Yaşadığımız acılar unutuldu gitti.
* * *
Uzun yıllar önceydi. Güneydoğu'da bir yerlerde yine PKK mayını
patlamış ve bir astsubayımız korkunç yaralar almıştı.
İki kolu ve iki ayağı kopmuş, suratı ve vücudu haşat olmuş, gözleri
kör olmuştu.
Şimdi anlatacağım sahne televizyon kameraları önünde
gerçekleşmişti. İçinizden bazıları o feci sahneyi mutlaka
anımsayacaktır.

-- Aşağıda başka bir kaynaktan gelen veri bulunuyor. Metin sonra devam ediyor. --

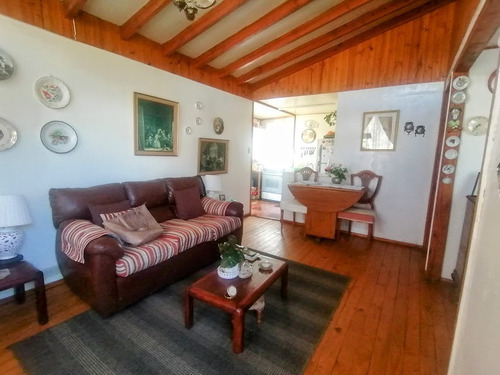 Impecable Y Acogedora Casa A Cuadras De La Playa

Astsubayımız Ankara'da GATA'ya getirilmiş ve tedavi
altına alınmıştı. Ancak yapacak fazla bir şey olmadığı
anlaşılıyordu.
* * *
Gazimizi hastanede dönemin Genelkurmay Başkanı ziyaret etti ve
sordu:
– “Bizden bir istediğin var mı evladım?”
Astsubay çaresizce yanıt verdi:
– “Bana gözlerimi verin yeter komutanım.”
İki kolunu ve iki ayağını yitirdiğinin belki farkında bile
değildi.
Sadece gözlerini istiyordu.
* * *
Sinirlerimiz her gün can alan PKK terörü nedeniyle zaten
gergindi.
Bu sahneyi televizyonda izlediğim anda boşalmış ve ağlamaya
başlamıştım.
Sonra, Hürriyet'te iken bu olayı birkaç kez yazdım.
İsmini şimdi bilemediğim o astsubay daha sonra İngiltere'ye tedavi
için gönderilmiş ama ne yazık ki orada şehit olmuştu.